Autumn Cherry Blossoms…
After several cold rainy days, the clear sky and almost-warm air lured me from the house. I began my autumn garden clean-up and dug a bit more in the daylily bed that I am preparing for planting next year. A favorite flower is still blooming, as it has much of the summer. My Cosmos sway in this October breeze on their delicate ferny foliage, bright flags of pink, rose and pure white. I am at the stage of letting them go to seed, to ensure that they will grace my garden again next year.
In Japan, the seasons are given special attention. Spring brings cherry blossom time. The busy scurry of life is suspended for a time, while picnickers escape the cities to dine in orchards beneath the splendor of the blooming cherry trees. Sukura, sukura, the children sing, celebrating the sweetness of cherry blossom time.
In the early summer, Japanese school children and dedicated gardeners alike sow tiny seeds in tilled soil and in the autumn it is the delicate blossoms of the Cosmos which they planted that symbolize the season. Festivals, complete with scarecrows and “foot bath corners“, are held near vast fields of gently swaying cherry, pink, and white blooms. The Japanese call the Cosmos “Autumn Cherry Blossoms.” The season when leaves change color and fall from the trees, Kouyou in Japanese, is also celebrated with special sweets made in the shape of maple leaves.
In this rural northern locale, we celebrate Autumn with trips to the local orchards for crisp apples and long, slightly-confused meanders through the corn maze. Later in the month, we will select pumpkins for jack-o-lanterns and maybe give in to the temptation to buy just one more Hardy Mum that is too pretty to pass by. We return to simmering big pots of soup or stew, and do a bit more baking as the air grows chill and the first frost threatens.

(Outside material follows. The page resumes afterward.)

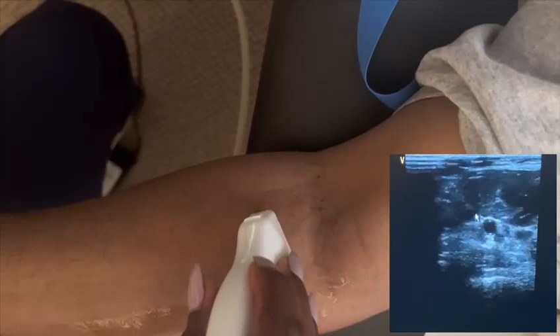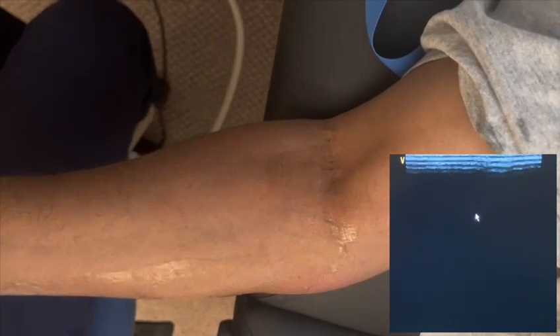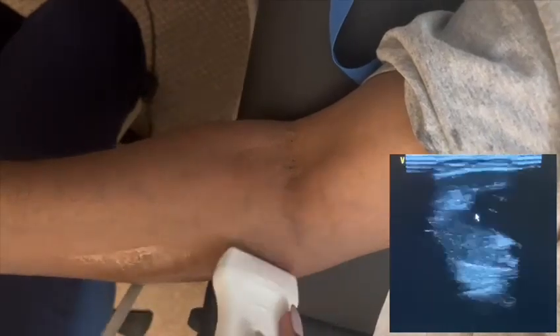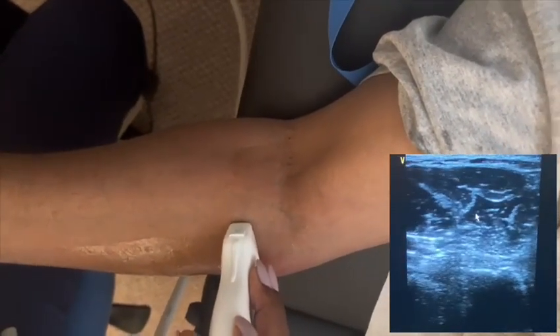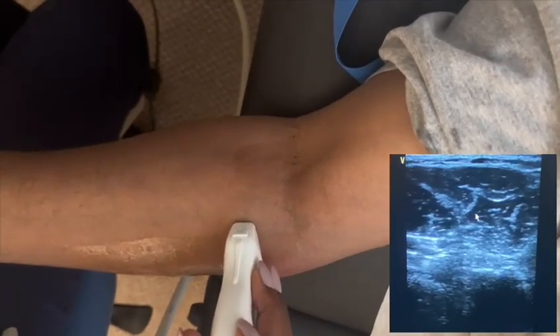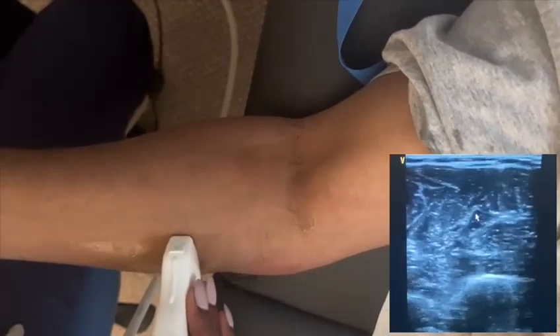So there are two different ways to follow the forearm vessels: you can follow from the wrist up, or you can follow from the fossa down. Thanks for watching — hopefully this helps you in imaging the upper extremity veins. For more videos, you can also watch the previous videos on the internal jugular vein, the subclavian vein, and the axillary vein, which will help you put together a complete upper extremity venous study.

I engage in all of those typical northern seasonal activities with great enthusiasm. I love Indian Summer and enjoy long walks on “sweater weather” days. I love the autumn mist that settles over the fields near our home between bouts of cold, drizzly rain. And, with a respectful nod toward my Asian kindred-spirits, I love to photograph the sweet Cosmos which tower delicately above my humble mums. How lucky I feel to have “autumn cherry blossoms” to delight me with their dance while I “tuck the garden in” for the year.